‘Gambling’ climate change experts could be left red-faced

September 27, 2013

27 Sept (DAILY EXPRESS) A leading global warming scientist believes the latest UN warning on man-made climate change is a “big gamble” as temperatures have not increased since 1997.

by Owen Bennett

Dr Benny Peiser, of Lord Lawson’s Global Warming Policy Foundation, argued today’s report from the Intergovernmental Panel on Climate Change (IPCC) is based on flawed models which do not give an accurate prediction of a future change in temperature.

The IPCC’s report shows experts are more than 95 per cent certain humans are causing global warming, and that is leading to a range of impacts from melting glaciers to more frequent extreme weather events.

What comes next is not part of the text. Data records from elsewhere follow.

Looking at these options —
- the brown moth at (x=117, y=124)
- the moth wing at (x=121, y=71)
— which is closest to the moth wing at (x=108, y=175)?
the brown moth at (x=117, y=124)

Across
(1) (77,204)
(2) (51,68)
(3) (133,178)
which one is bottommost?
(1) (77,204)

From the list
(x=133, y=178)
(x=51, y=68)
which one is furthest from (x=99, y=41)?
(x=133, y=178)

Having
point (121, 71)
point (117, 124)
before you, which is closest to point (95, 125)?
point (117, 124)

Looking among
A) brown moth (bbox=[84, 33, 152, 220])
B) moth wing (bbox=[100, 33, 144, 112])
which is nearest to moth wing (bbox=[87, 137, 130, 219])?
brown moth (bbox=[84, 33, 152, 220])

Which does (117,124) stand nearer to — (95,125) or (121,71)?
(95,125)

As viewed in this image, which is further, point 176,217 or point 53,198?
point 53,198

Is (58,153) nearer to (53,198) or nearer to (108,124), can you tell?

Numerous groups, including Oxfam, Greenpeace and the UK Government, have seized on the report’s conclusions as evidence human behaviour is changing the Earth’s climate.

But Dr Peiser does not doubt the climate has changed, but the report has failed to explain why temperatures have not risen since 1997.

He said: “The IPCC are gambling that temperatures will rise soon.”My own reading of the report is it’s more a political message than a scientific one.

“They ignore the fact that their models have a problem, and they are unable to say when the temperature will start rising again.

“That is a gamble.

“There are scientists who say it might be 10 to 20 years before another rise.”


The IPCC’s report has been published after line-by-line scrutiny by scientists and policymakers, and found it is “extremely likely”, or 95 per cent certain, that the majority of the warming since the 1950s is down to human activity.

The likelihood is up from a 90 per cent certainty in the last IPCC study in 2007.

The study predicts that temperatures are set to rise by more than 1.5C above pre-industrial levels by the end of the century without ambitious action to tackle emissions, and could rise by over 4C if emissions continue to increase.

Storms will become more intense and frequent, sea levels will rise by between 26cm (10in) and 82cm (32in) by the end of the century and the oceans will become more acidic, the assessment projects.

Tim Gore, of Oxfam, said: “The latest climate science affirms what small-scale farmers around the world are telling us: seasons are changing, weather is increasingly extreme and unpredictable, making it tougher to feed their families.

“This report also tells us it is possible to avoid the very worst impacts of climate change and the goal of ensuring everyone has enough to eat is still attainable.

“Governments should learn from the mistakes of the global financial crisis, where warning signs were ignored, and listen to the experts before it is too late.

“They must take actions immediately to slash emissions as well as investing in building the resilience of people in poverty so we can move from the current path facing disaster to higher safer ground.”

Wendel Trio, director of the Climate Action Network Europe, said the debate about the responsibility for climate change was now over.

“Scientists are more certain than ever that humans are causing climate change but, fortunately, equally certain that we still have the time and means to fix it.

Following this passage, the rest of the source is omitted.